** Task inputs **
···

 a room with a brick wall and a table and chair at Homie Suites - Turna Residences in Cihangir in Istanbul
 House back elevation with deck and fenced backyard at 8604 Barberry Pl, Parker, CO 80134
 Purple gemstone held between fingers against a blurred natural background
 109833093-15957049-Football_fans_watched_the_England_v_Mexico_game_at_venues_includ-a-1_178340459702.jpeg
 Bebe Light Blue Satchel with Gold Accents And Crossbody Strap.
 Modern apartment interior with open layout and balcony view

···

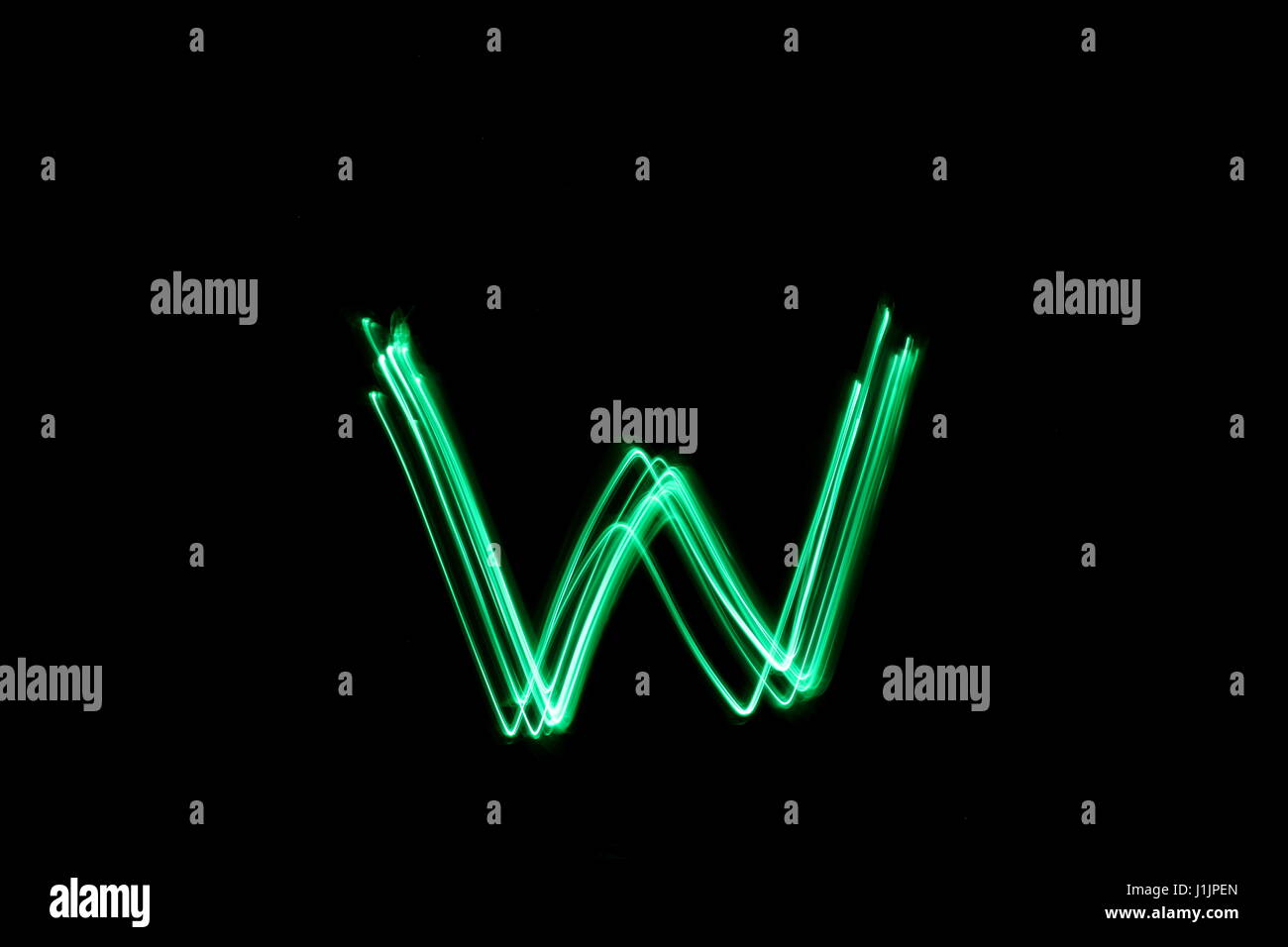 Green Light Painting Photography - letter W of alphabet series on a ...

···

** What the task requires **
Using the entries above, extract exactly the span from the line with "House back elevation" to the line with "Modern apartment interior", both lines included; leave out everything else.

** Result of this exercise **
 House back elevation with deck and fenced backyard at 8604 Barberry Pl, Parker, CO 80134
 Purple gemstone held between fingers against a blurred natural background
 109833093-15957049-Football_fans_watched_the_England_v_Mexico_game_at_venues_includ-a-1_178340459702.jpeg
 Bebe Light Blue Satchel with Gold Accents And Crossbody Strap.
 Modern apartment interior with open layout and balcony view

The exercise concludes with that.